7:30 pm, Thursday, May 5, 2005
Music Center, Rieth Recital Hall

Bradley Lehman Lecture - Recital

This is the first organ since the 18th century to be built using Johann Sebastian Bach's tuning. Bach specified this method on the title page of his _Well-Tempered Clavier_, 1722, submitted as part of his audition materials for a professional position in Leipzig. Bach's organ music and vocal music from Leipzig confirm that this was his all-purpose tuning solution for church use, in addition to deployment on harpsichords and clavichords. It offers complete flexibility to use all scales and all chords, as smoothly as equal temperament does; but unlike equal temperament it has a built-in range of subtle expressive nuances. Every key signature has a distinct "personality" from every other: music with sharps sounds bright, while music in flats is more mellow and plaintive.

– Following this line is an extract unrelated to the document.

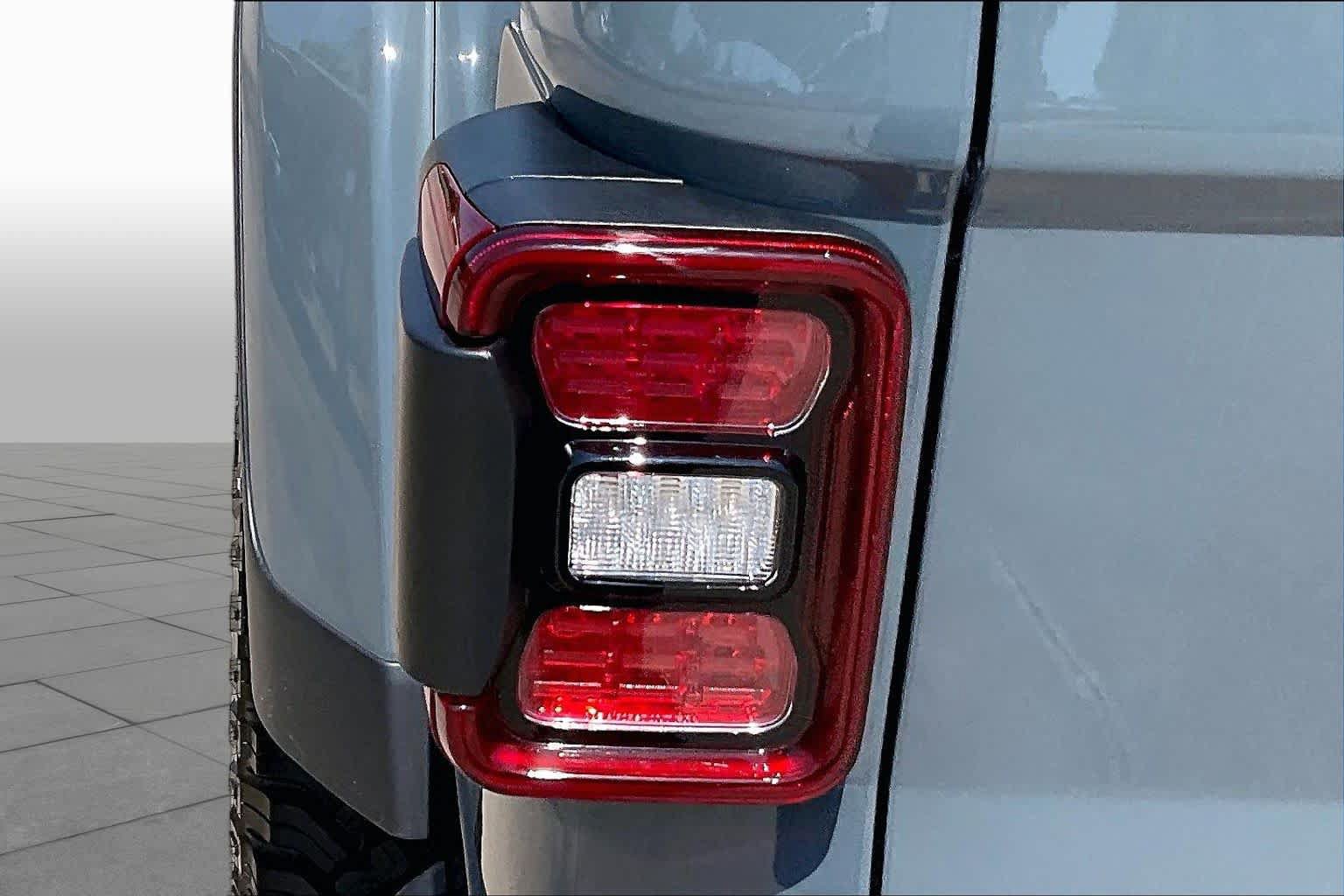 New 2026 Jeep Gladiator Mojave AWD/4WD image 14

GC alumnus Bradley Lehman (1986) discovered this lost temperament in 2004. After his B.A. in both music and mathematics at Goshen, Lehman earned two master's degrees and the Doctoral of Musical Arts (harpsichord performance) from the University of Michigan. His research article about Bach's tuning has been published in 2005 by Oxford University Press.

Admission charge: $5 adults, $3 seniors/students. GC students admitted free with ID.